Templeton and I were lounging by the clear limestone stream which
crossed his park and wound away round wooded hills toward the
distant Severn. A lovelier fishing morning sportsman never saw. A soft
gray under-roof of cloud slid on before a soft west wind, and here and
there a stray gleam of sunlight shot into the vale across the purple
mountain-tops, and awoke into busy life the denizens of the water,
already quickened by the mysterious electric influences of the last
night's thunder-shower.
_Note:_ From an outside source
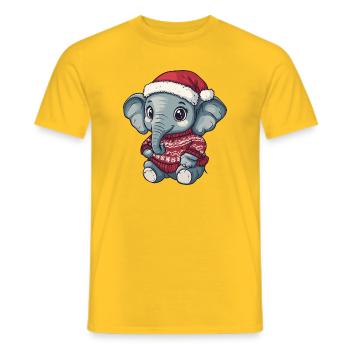 Noël de Noël avec éléphants - T-shirt homme - jaune - Devant - AI Model Male 178 dark (178cm)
The long-winged cinnamon-flies spun and
fluttered over the pools; the sand-bees hummed merrily round their
burrows in the marly bank; and delicate iridescent ephemerae rose by
hundreds from the depths, and, dropping their shells, floated away,
each a tiny Venus Anadyomene, down the glassy ripples of the reaches.
Every moment a heavy splash beneath some overhanging tuft of milfoil
or water hemlock proclaimed the death- doom of a hapless beetle who
had dropped into the stream beneath; yet still we fished and fished, and
caught nothing, and seemed utterly careless about catching anything;
till the old keeper who followed us, sighing and shrugging his
shoulders, broke forth into open remonstrance:
"Excuse my liberty, gentlemen, but what ever is the matter with you
and master, sir? I never did see you miss so many honest rises before."
"It is too true," said Templeton to me with a laugh. "I must confess I
have been dreaming instead of fishing the whole morning. But what has
happened to you, who are not as apt as I am to do nothing by trying to
do two things at once?"
"My hand may well be somewhat unsteady; for to tell the truth, I sat up
all last night writing."
"A hopeful preparation for a day's fishing in limestone water! But what
can have set you on writing all night after so busy and talkative an
evening as the last, ending too, as it did, somewhere about half-past
twelve?"
"Perhaps the said talkative evening itself; and I suspect, if you will
confess the truth, you will say that your morning's meditations are
running very much in the same channel."
"Lewis," said he, after a pause, "go up to the hall, and bring some
luncheon for us down to the lower waterfall."
"And a wheelbarrow to carry home the fish, sir?"
"If you wish to warm yourself, certainly. And now, my good fellow,"
said he, as the old keeper toddled away up the park, "I will open my
heart-a process for which I have but few opportunities here-to an old
college friend. I am disturbed and saddened by last night's talk and by
last night's guest."
"By the American professor? How, in the name of English
exclusiveness, did such a rampantly heterodox spiritual guerilla invade
the respectabilities and conservatisms of Herefordshire?"
"He was returning from a tour through Wales, and had introductions to
me from some Manchester friends of mine, to avail himself of which I
found he had gone some thirty miles out of his way."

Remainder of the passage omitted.